GOAL OF THE EXERCISE>
The answer must be an exact copy of the lines from the one with "送陈子龄会试诗 - 第1页" to the last line of the entries below, both included, and must contain no pictures.
[[ DATASET RECORDS open ]]
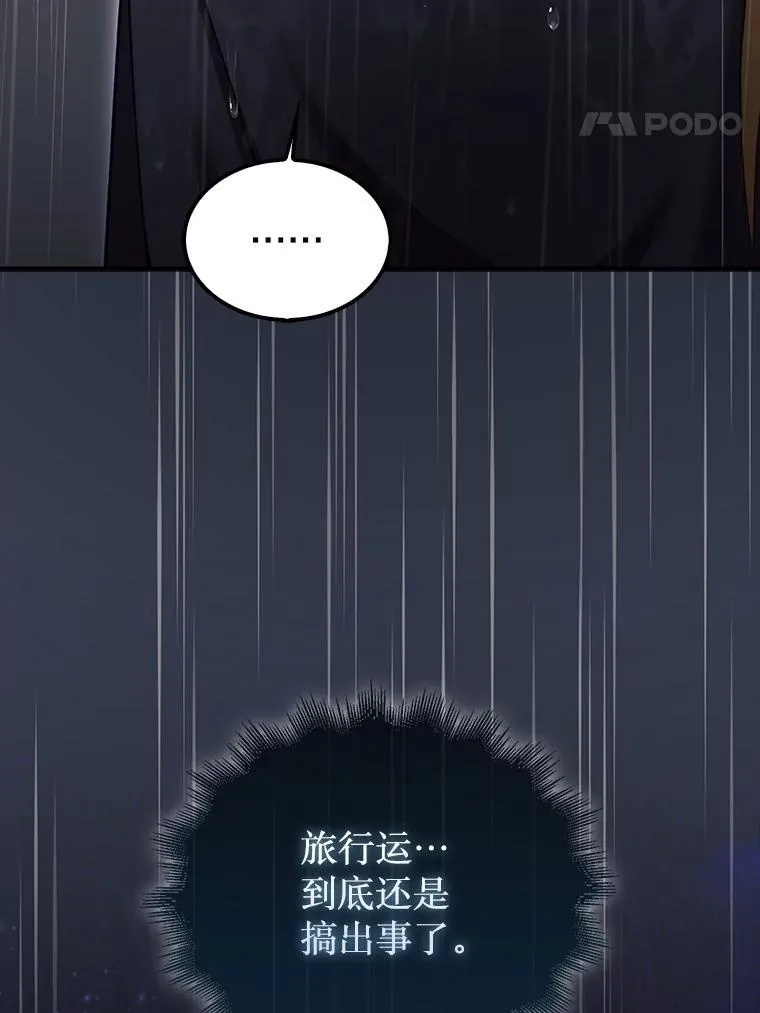 46.双胞胎骑士158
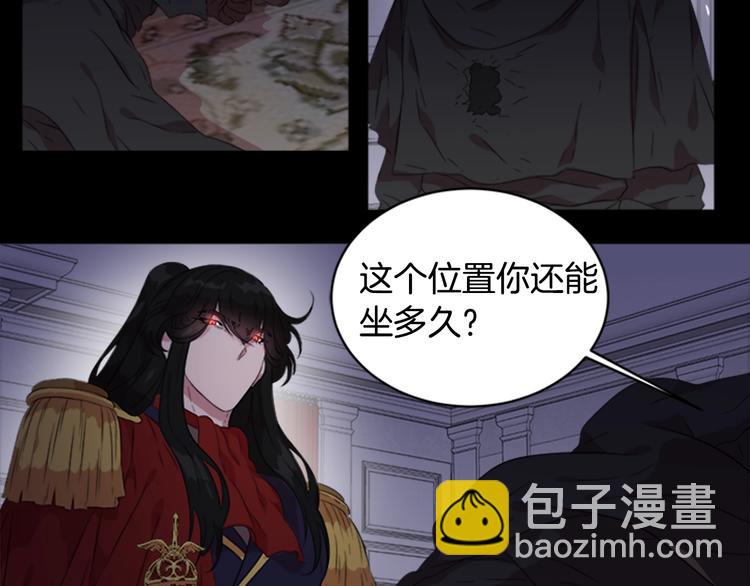第6话 回趟魔界70
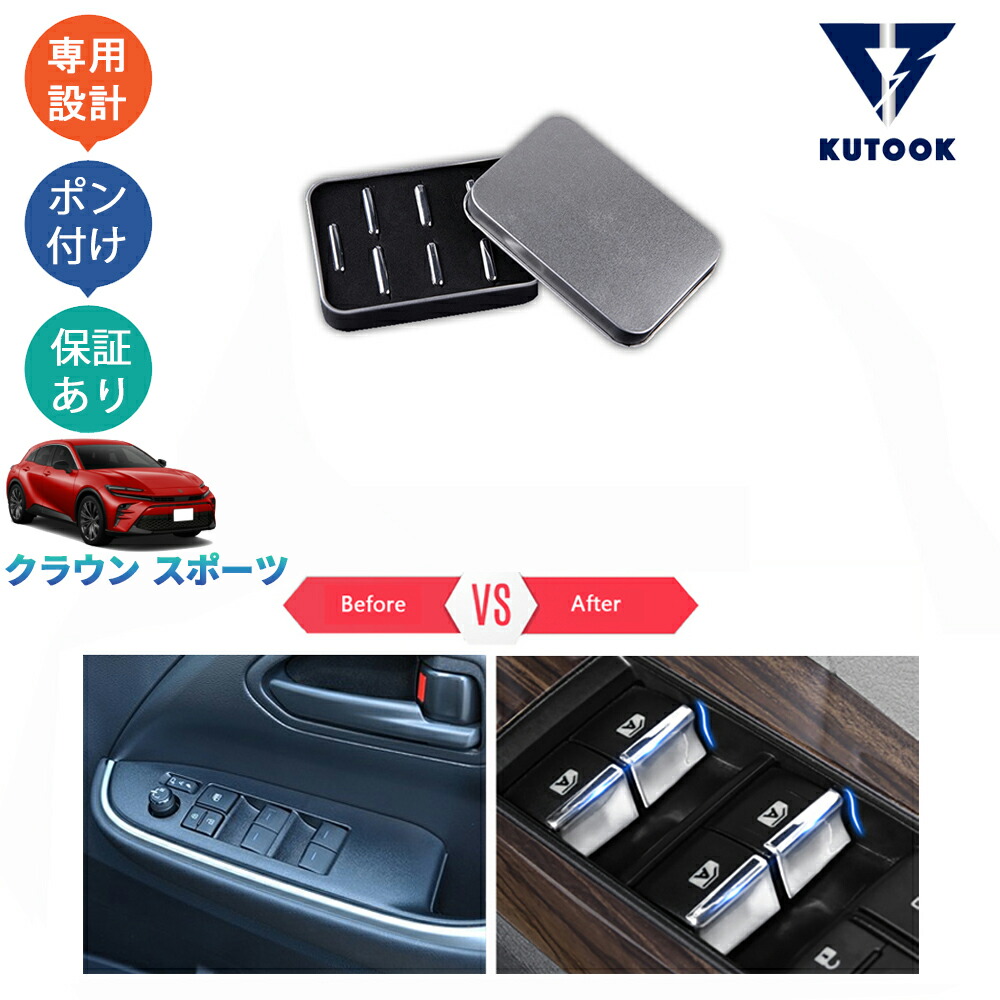 h*o様 トヨタ クラウンスポーツ 純正 プロジェクションカーテシイルミ 新品 トヨタ トヨタ純正 プロジェクションカーテシイルミ クラウン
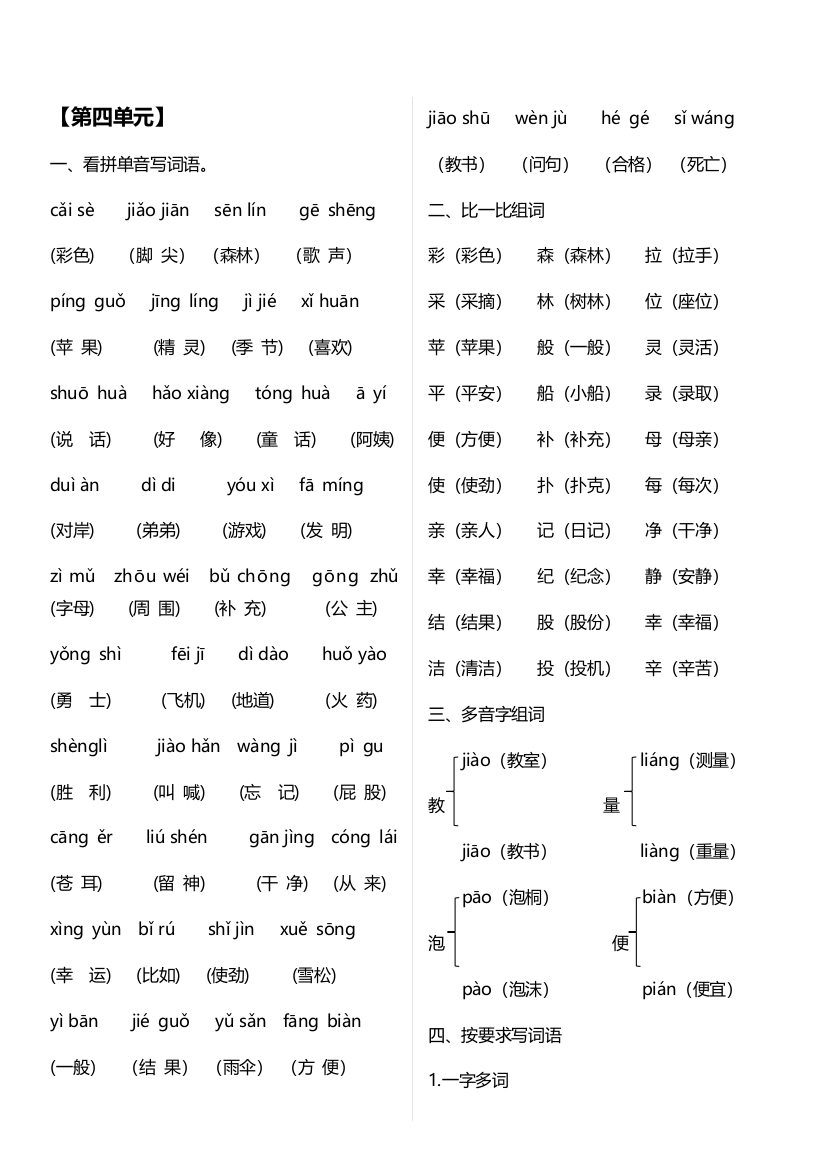 人教版二年级语文下册第四单元复习知识点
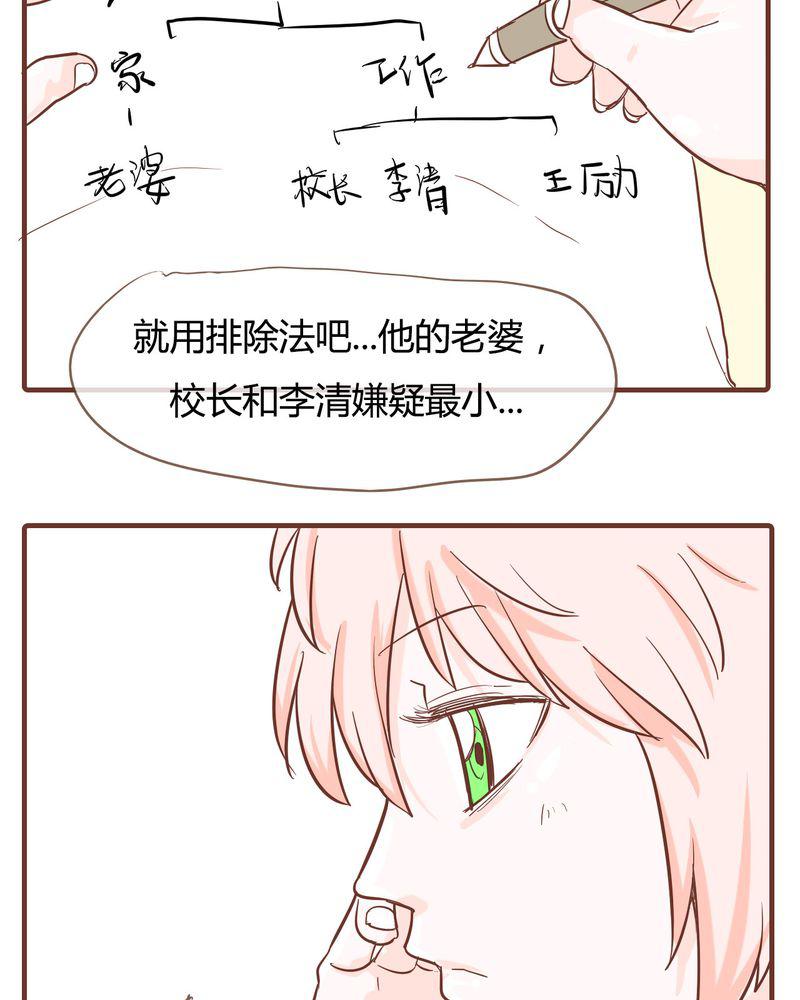拳皇2001漫画韩漫全集-9_裁决之力无删减无遮挡章节图片 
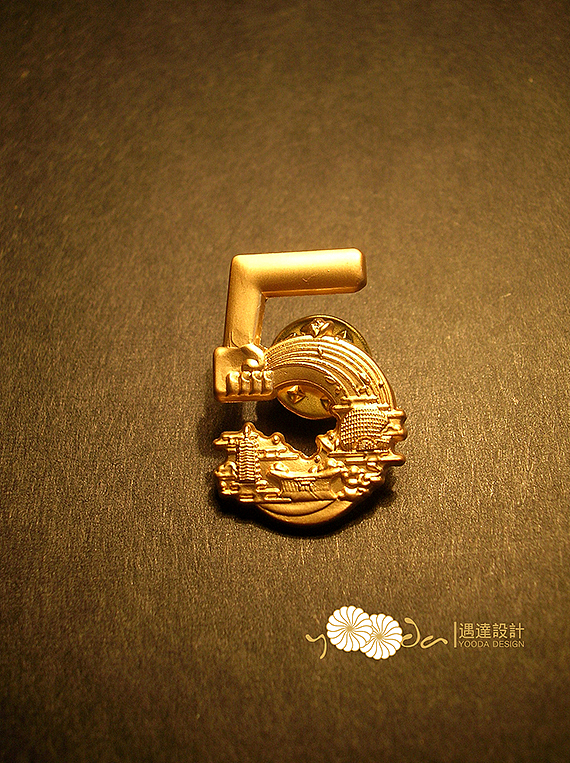 【企业成就（雁栖湖项目：日出东方、会议中心、雁栖塔）】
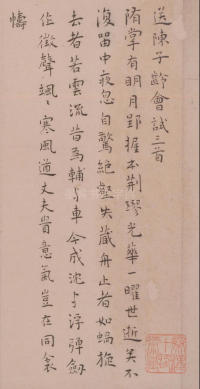 送陈子龄会试诗 - 第1页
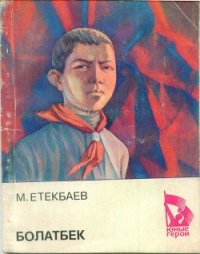 Болатбек - Етеибаев Мухаметжан Етекбаевич (читать книги онлайн полностью без сокращений .txt) 📗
[[ DATASET RECORDS closed ]]
RESULT>
 送陈子龄会试诗 - 第1页
 Болатбек - Етеибаев Мухаметжан Етекбаевич (читать книги онлайн полностью без сокращений .txt) 📗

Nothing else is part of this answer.